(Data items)
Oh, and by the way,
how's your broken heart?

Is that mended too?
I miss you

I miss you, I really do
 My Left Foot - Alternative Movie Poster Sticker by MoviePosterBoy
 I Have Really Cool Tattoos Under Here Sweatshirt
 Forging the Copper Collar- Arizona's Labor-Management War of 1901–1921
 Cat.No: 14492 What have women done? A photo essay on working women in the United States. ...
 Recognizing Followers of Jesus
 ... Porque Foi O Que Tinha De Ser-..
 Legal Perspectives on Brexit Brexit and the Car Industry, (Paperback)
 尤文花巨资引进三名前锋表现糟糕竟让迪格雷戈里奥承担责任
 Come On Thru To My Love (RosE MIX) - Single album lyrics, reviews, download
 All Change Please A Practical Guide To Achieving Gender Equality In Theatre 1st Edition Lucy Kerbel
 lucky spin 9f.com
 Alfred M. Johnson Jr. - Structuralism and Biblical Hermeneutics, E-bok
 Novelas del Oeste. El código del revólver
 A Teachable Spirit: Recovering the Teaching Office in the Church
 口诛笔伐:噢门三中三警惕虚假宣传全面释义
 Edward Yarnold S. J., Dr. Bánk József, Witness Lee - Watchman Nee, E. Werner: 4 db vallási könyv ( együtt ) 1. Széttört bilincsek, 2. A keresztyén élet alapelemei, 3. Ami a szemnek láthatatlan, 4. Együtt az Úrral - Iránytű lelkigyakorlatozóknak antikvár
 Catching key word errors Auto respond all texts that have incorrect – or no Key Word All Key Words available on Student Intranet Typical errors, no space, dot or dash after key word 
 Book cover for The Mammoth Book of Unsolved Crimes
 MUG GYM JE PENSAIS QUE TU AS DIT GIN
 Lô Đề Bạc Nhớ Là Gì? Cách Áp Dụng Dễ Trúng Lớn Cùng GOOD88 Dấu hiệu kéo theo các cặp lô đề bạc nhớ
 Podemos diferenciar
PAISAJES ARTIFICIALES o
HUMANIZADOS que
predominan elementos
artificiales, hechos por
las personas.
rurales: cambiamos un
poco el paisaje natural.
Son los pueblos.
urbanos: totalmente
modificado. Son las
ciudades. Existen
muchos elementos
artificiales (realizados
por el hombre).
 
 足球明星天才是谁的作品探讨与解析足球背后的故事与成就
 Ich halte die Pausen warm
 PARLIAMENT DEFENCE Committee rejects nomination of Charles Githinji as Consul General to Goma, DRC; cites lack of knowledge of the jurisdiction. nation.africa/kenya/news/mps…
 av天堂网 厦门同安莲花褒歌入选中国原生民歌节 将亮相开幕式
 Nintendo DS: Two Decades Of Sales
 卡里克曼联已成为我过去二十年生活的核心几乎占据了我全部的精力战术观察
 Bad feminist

• Task brief
All that is wanted is the stretch of lines above from the one containing "PAISAJES ARTIFICIALES o" through the one containing "av天堂网 厦门同安莲花褒歌入选中国原生民歌节 将亮相开幕式", duplicated exactly.

• Solution to the problem
PAISAJES ARTIFICIALES o
HUMANIZADOS que
predominan elementos
artificiales, hechos por
las personas.
rurales: cambiamos un
poco el paisaje natural.
Son los pueblos.
urbanos: totalmente
modificado. Son las
ciudades. Existen
muchos elementos
artificiales (realizados
por el hombre).
 
 足球明星天才是谁的作品探讨与解析足球背后的故事与成就
 Ich halte die Pausen warm
 PARLIAMENT DEFENCE Committee rejects nomination of Charles Githinji as Consul General to Goma, DRC; cites lack of knowledge of the jurisdiction. nation.africa/kenya/news/mps…
 av天堂网 厦门同安莲花褒歌入选中国原生民歌节 将亮相开幕式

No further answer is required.